Now, as you will know if you have read my (frankly brilliant) poem Introducing Alpha Mummy & Beta Mummy, I believe that all mums lie somewhere on a spectrum. At one end you have the True Alpha Mummy – practically perfect in every way, and nice to boot. At the other end of the scale you have the True Beta Mummy, who is… err… the opposite. In fact, the True Beta Mummy is probably dangerously close to requiring an intervention from Social Services to be honest, but this is a light-hearted blog so let’s just say she’s a bit shit but means well.

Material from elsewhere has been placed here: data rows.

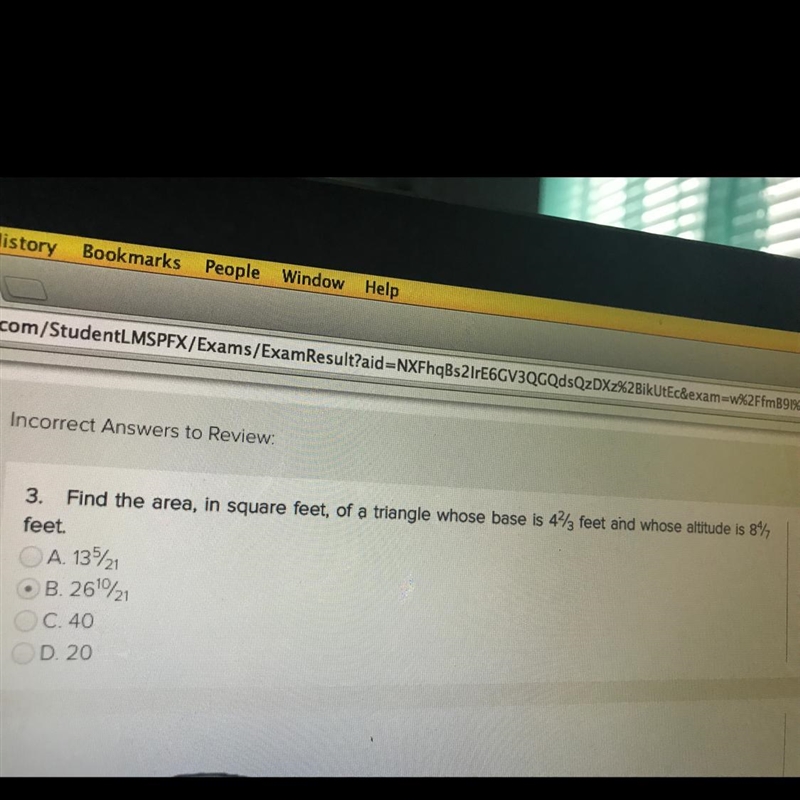 Find the area of a triangle whose base is 4 2/3 and altitude 8 4/7 feet-example-1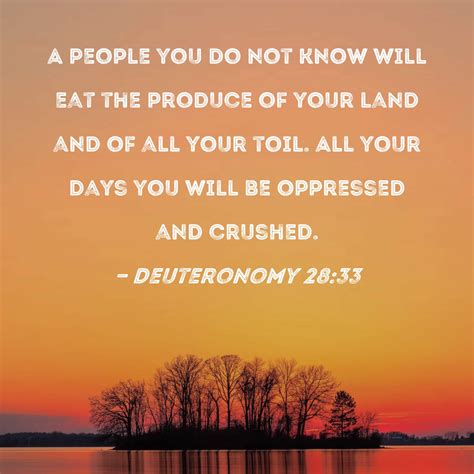 Deuteronomy 28:33 A people you do not know will eat the produce of your ...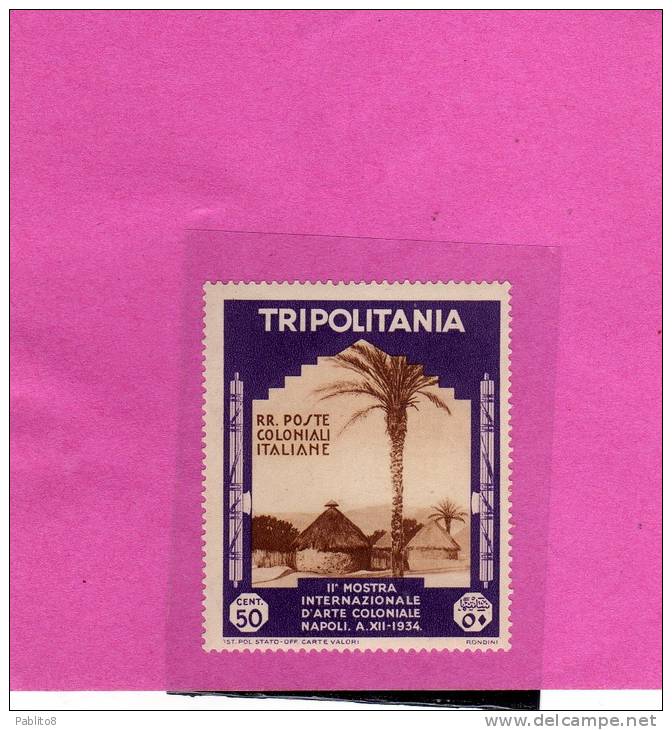 TRIPOLITANIA 1934 MOSTRA COLONIALE DI NAPOLI 50 C MNH - Tripolitaine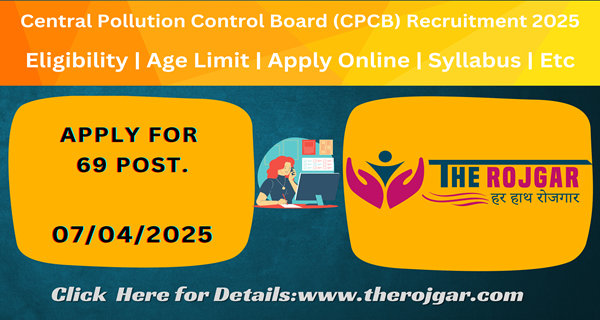 Central Pollution Control Board (CPCB) 2025 Apply Online for 69 Post.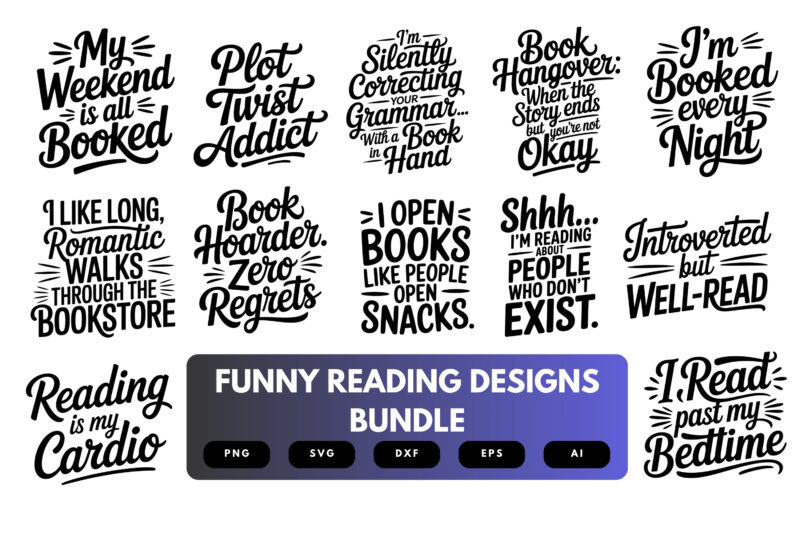 Funny Reading SVG Bundle | Book Lover Humor Quotes, Literary Cut Files for Cricut & Sublimation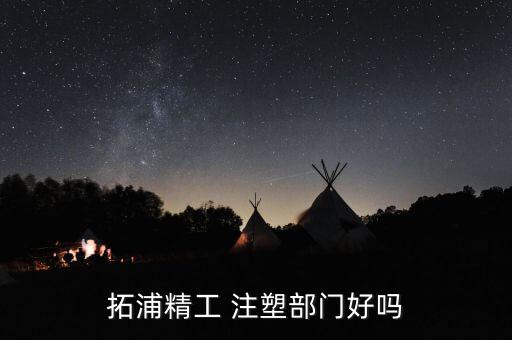 拓浦精工 注塑部門好嗎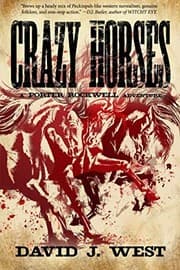 Tapa de Crazy Horses: A Porter Rockwell Adventure (Dark Trails Saga) (Volume 2)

I think many of us start out (pre-getting upduffed) imagining that we will be like Alpha Mummy, but if you’re anything like me you have gradually yet steadily bumped and skidded your way along the spectrum towards Beta Mummy-dom.
Here are my five steps to simply giving up on achieving Alpha status, and just accepting that inevitable decline:
- Don’t bother buying any pregnancy or parenting books. Accept that nothing (NOTHING) goes by the book as far as that pesky little wriggler inside you goes. Your bump will be too big or too small, you will put on too much or not enough weight, baby will almost certainly not arrive on its “due” date – and once it has made an appearance, it most certainly will not sleep/feed/burp/shit on cue. Tear up the books, I’m telling you.
- Do whatever it takes to survive the first few months. WHATEVER IT TAKES. Eat all the cake (sod the baby weight), drink wine if it helps (you don’t have to be teetotal even if breastfeeding), do the bare minimum of housework and ACCEPT ALL HELP OFFERED. Alpha Mummy may well manage to keep the baby happy, the house immaculate and the husband serviced, but seriously woman, just go take a nap.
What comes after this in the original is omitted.